To assist his love interest, the phantom places a phonograph in the cat's skirt so she may lip sync as a record plays a song. The cat sets foot on the audition stage and performs her act, although it isn't a smooth one. The record repeats a line many times and slows down, but the studio staff watching don't seem to mind. When the record stops in the middle of the song, the phantom secretly comes to her aid and turns the phonograph's cluster. The song continues and the cat 'sings' again. She manages to do well on the final lines, to the delight of those attending.

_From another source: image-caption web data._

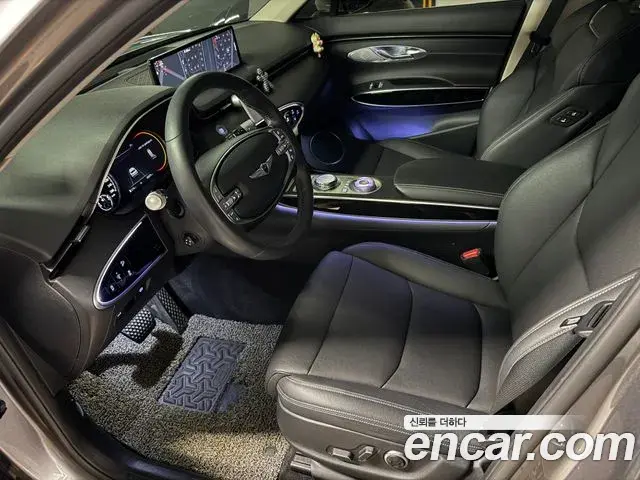 Genesis GV70 2021 — Photo 3/10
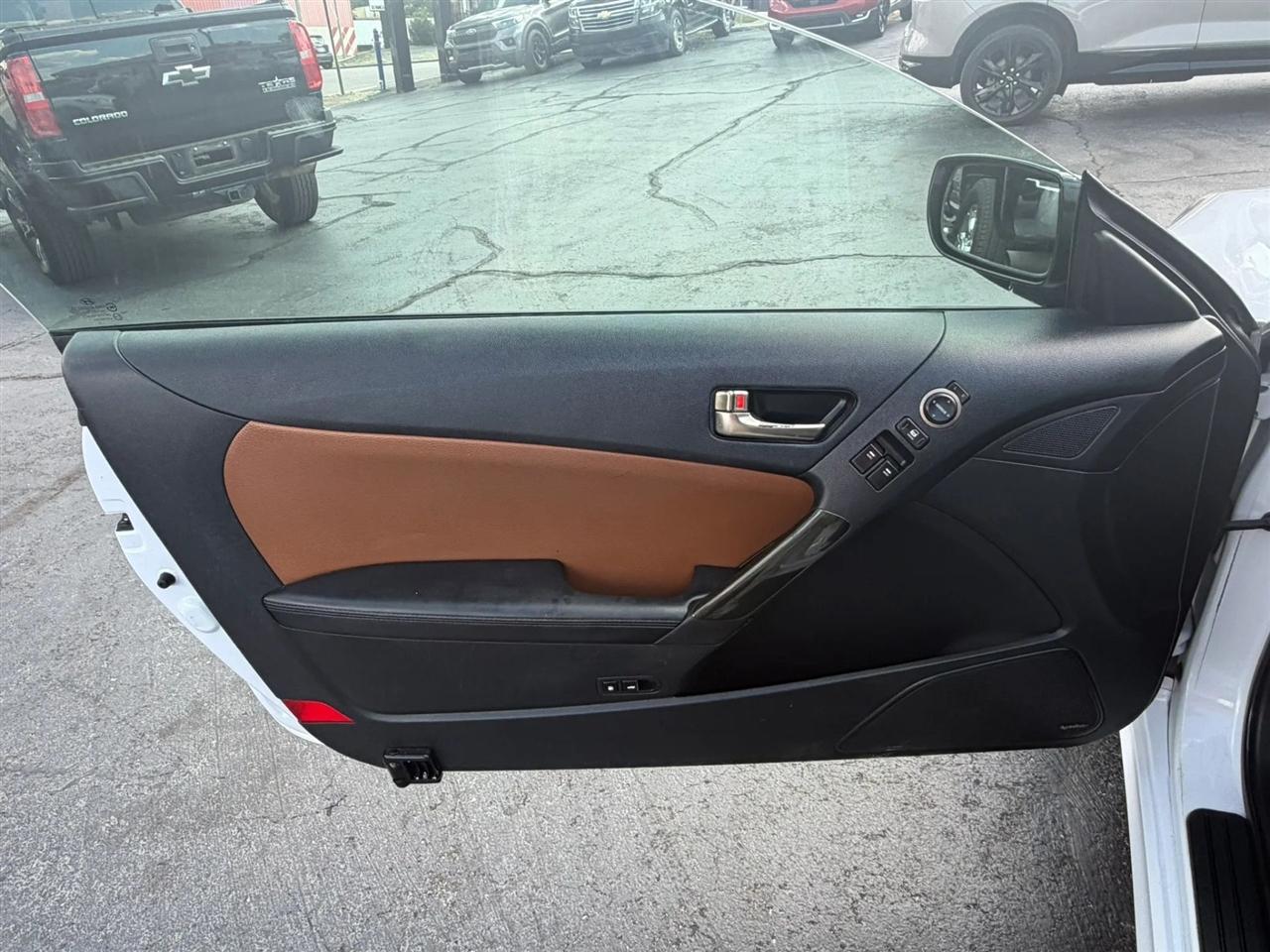 Hyundai Genesis Coupe 3.8 Grand Touring 8AT 2014
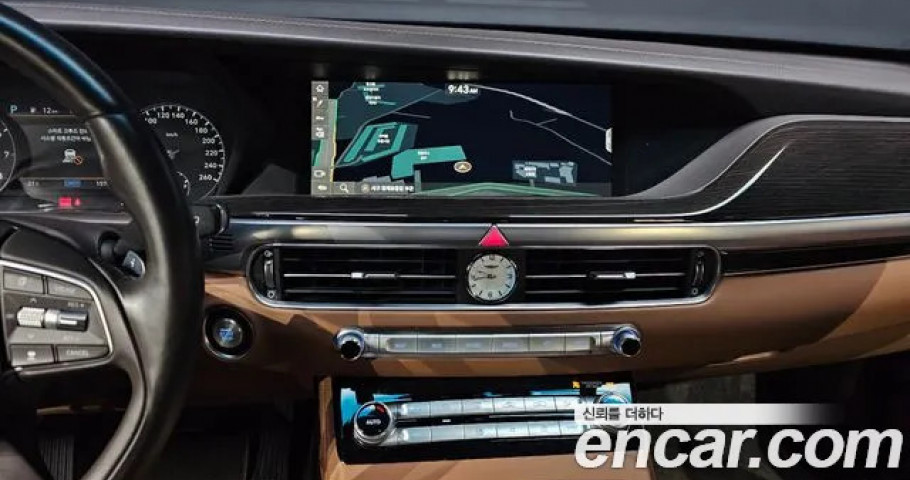 Genesis G90 
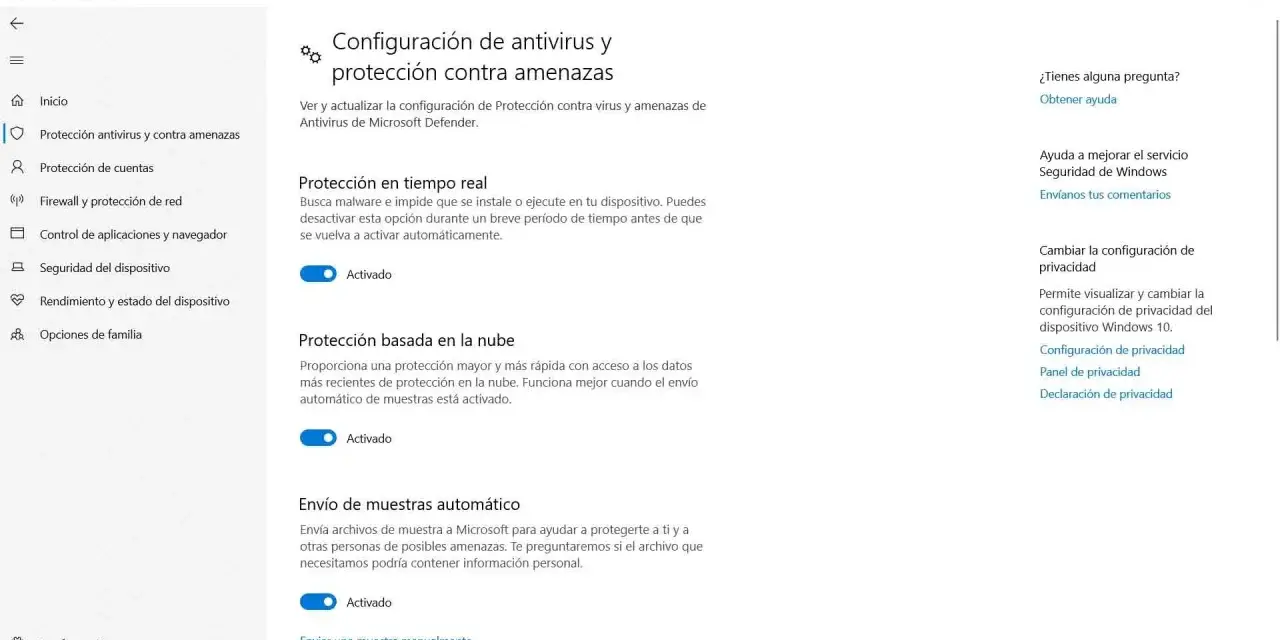 Configuración de antivirus y protección contra amenazas en Windows 11. Protección en tiempo real y basada en la nube activadas.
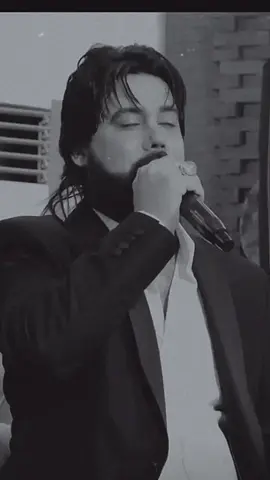 #fyp #ئەکتیڤبن🥀🖤ـہہـ٨ــہ #hamakrmashani #hamakrmashanii🖤 #foryoupage #foryou #fpyシ #song #حەمەکرماشانی🎵🎶♥ #viral 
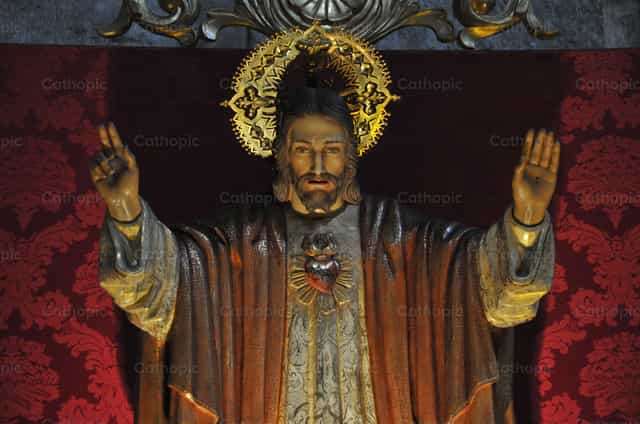 Sagrado Corazón de Jesús - Banco de imágenes católicas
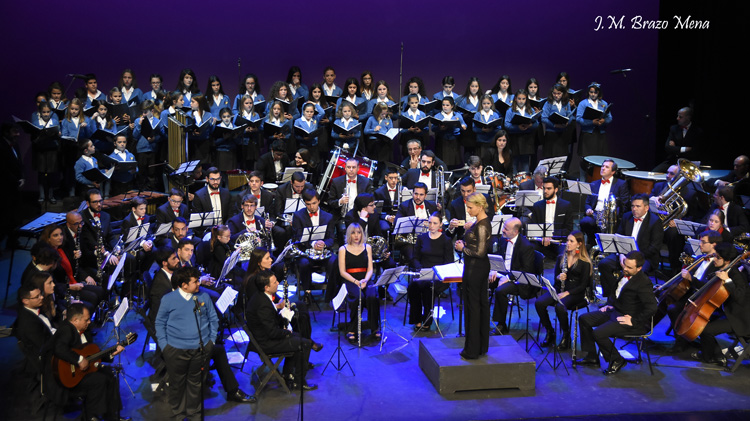 Magnífico concierto de Navidad de la Unión Musical de Utrera y la Escolanía de Utrera (IMÁGENES)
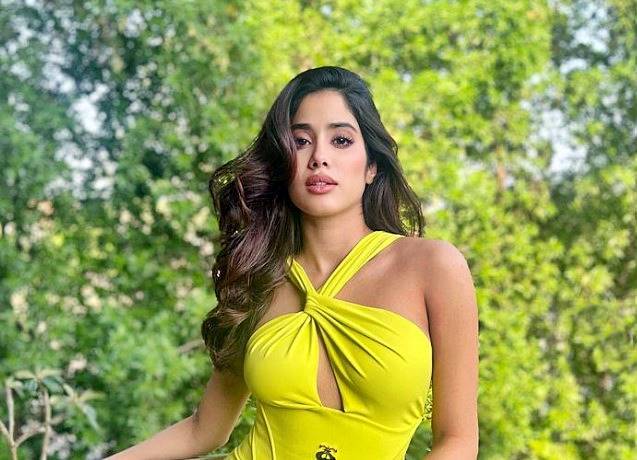 Janhvi Kapoor’s new bold pictures in saree go viral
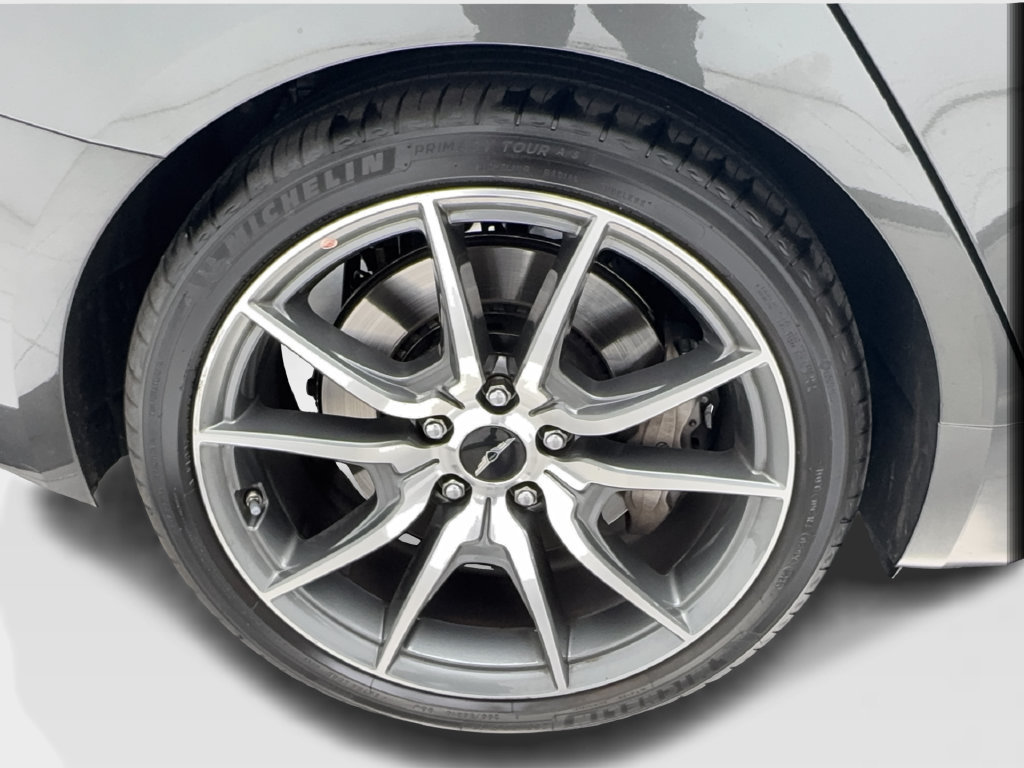 Used 2026 Genesis G70 2.5T RWD image 16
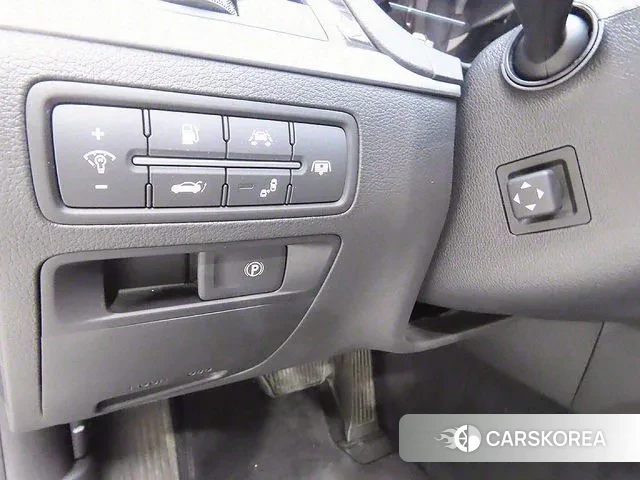 Genesis G80 id 3021440 из Кореи 7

As the cat happily gets down from the stage, the overjoyed phantom decides to congratulate her with an embrace. Much to the phantom's surprise, however, the cat sidesteps him and walks to another guy standing behind. The other guy is none other than Oswald the Lucky Rabbit. Feeling insulted, the phantom grabs the cat and takes her to a secret room within the studio.

Upon reaching his secret place, the phantom decides to play the organ of the room. As he plays, he advises the cat not to take off his mask. Curious of why she should not, the cat opts to do so as she tiptoes towards the phantom. As she removes the mask of her captive, the cat is surprised to find out that the phantom's face has no skin or flesh, and is therefore a skeleton in garments. Oswald somehow manages to locate the secret room and knocks on the door loudly. Disturbed by the noise, the phantom leaves the cat inside and decides to confront the rabbit.

Seeing the phantom fly toward him, Oswald runs away as quickly as he can. On his getaway, Oswald stumbles and falls into a hole. On landing upon the bottom floor, the rabbit is bumped by a few large lizards that pass by. Oswald then thinks his troubles are over, but more still await as the phantom follows him there.

Instead of tormenting the rabbit, the phantom chooses to just ask a riddle. He asks "What does a chicken say when it lays a square egg?" Not sure of an answer, Oswald gives up and admits to not having any idea. The phantom then slaps Oswald in the face, causing the rabbit to say "Ouch!" The warlock also discloses to Oswald that "Ouch!" was the answer and he elatedly disappears. From then on, nobody sees the phantom again.

==Availability==
The short is available on The Woody Woodpecker and Friends Classic Cartoon Collection DVD box set.